A wicked man has stabbed his lover to death because she refused to make him the next of kin and beneficiary of her wealth.
A female staff of the Niger Delta Development Commission (NDDC), Sophia Phillips Horsefall, has been murdered and buried in a shallow grave by her boyfriend because she refused to make him her next-of-kin in her documents.
Vanguard reports that the deceased who is from the popular Horsefall family in Rivers State, was stabbed to death by the boyfriend, Martin Sotonye and two of his friends, Innocent Oluche and Wachukwu Ugochukwu, on November 8, 2016, after she also refused to give him the sum of N1 million he had demanded from her.
The
accused were arraigned at a Magistrate’s Court sitting in Port
Harcourt, the state capital by the Department of State Services (DSS.
During the trial, counsel to the DSS, Mr. C. S. Eze,
told the court that the first defendant, Sotonye, had lured the
deceased with whom they had a 13-year-old daughter, to the house of the
second defendant, Oluche, where he allegedly stabbed her to death.
Eze
claimed the first and second defendants later buried the deceased in a
shallow grave, noting that they invited the third defendant, Ugochukwu, a
spiritualist, to perform some rituals to cover their tracks.

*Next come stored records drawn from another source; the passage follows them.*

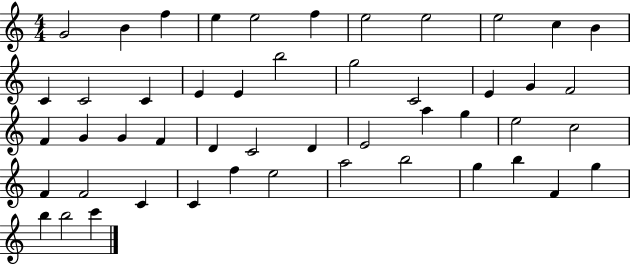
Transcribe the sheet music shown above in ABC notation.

X:1
T:Untitled
M:4/4
L:1/4
K:C
G2 B f e e2 f e2 e2 e2 c B C C2 C E E b2 g2 C2 E G F2 F G G F D C2 D E2 a g e2 c2 F F2 C C f e2 a2 b2 g b F g b b2 c'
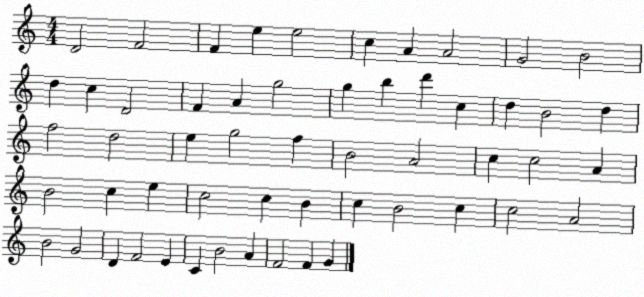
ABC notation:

X:1
T:Untitled
M:4/4
L:1/4
K:C
D2 F2 F e e2 c A A2 G2 B2 d c D2 F A g2 g b d' c d B2 d f2 d2 e g2 f B2 A2 c c2 A B2 c e c2 c B c B2 c c2 A2 B2 G2 D F2 E C B2 A F2 F G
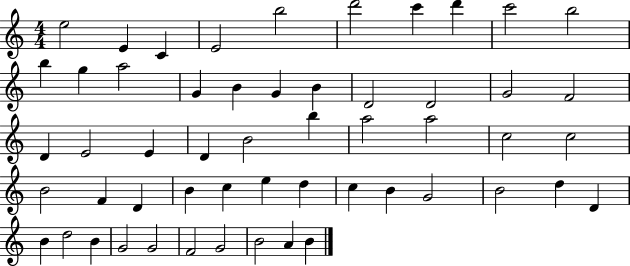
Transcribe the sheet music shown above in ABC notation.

X:1
T:Untitled
M:4/4
L:1/4
K:C
e2 E C E2 b2 d'2 c' d' c'2 b2 b g a2 G B G B D2 D2 G2 F2 D E2 E D B2 b a2 a2 c2 c2 B2 F D B c e d c B G2 B2 d D B d2 B G2 G2 F2 G2 B2 A B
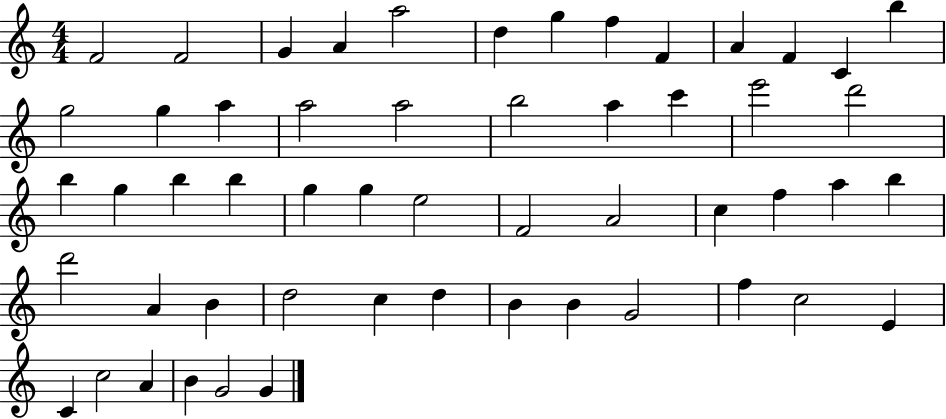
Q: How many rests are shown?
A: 0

The counsel also added that the accused were brought before the court on a three-count charge which included:
‘Stabbing
to death with a jack knife and thereby committed an offense contrary to
Section 316 and punishable under Section 319 of the Criminal Code Law,
Laws of Rivers State 1999.'
An older brother of the deceased, Amatu Phillips while speaking to newsmen, alleged that his sister was murdered by the boyfriend of 13 years because of her wealth.
He
claimed she had some money in her account and confided in the boyfriend
who later kept on pestering her for financial support.
According
to Phillips, after the sister had allegedly given him money several
times, he came again demanding for N1 million which she refused.
He
alleged that the boyfriend later lured her to his friend’s house,
offered her a fruit juice drink which, unknown to the sister, was
drugged.
He alleged that when the
boyfriend noticed that she was dizzy from the effect of the drug, he
stabbed her in the neck, demanding her ATM card and password.
He
claimed the boyfriend had before that day persuaded his sister to
change the name of her next of kin on her bank details to his name.
The Chief Magistrate, F. Alikor,
refused to take the plea of the accused and referred the case file to
the state Director of Public Prosecution (DPP), saying her court did not
have jurisdiction to entertain matters over the murder which was the
second charge.
She, however, remanded the accused in prison custody and adjourned the matter indefinitely.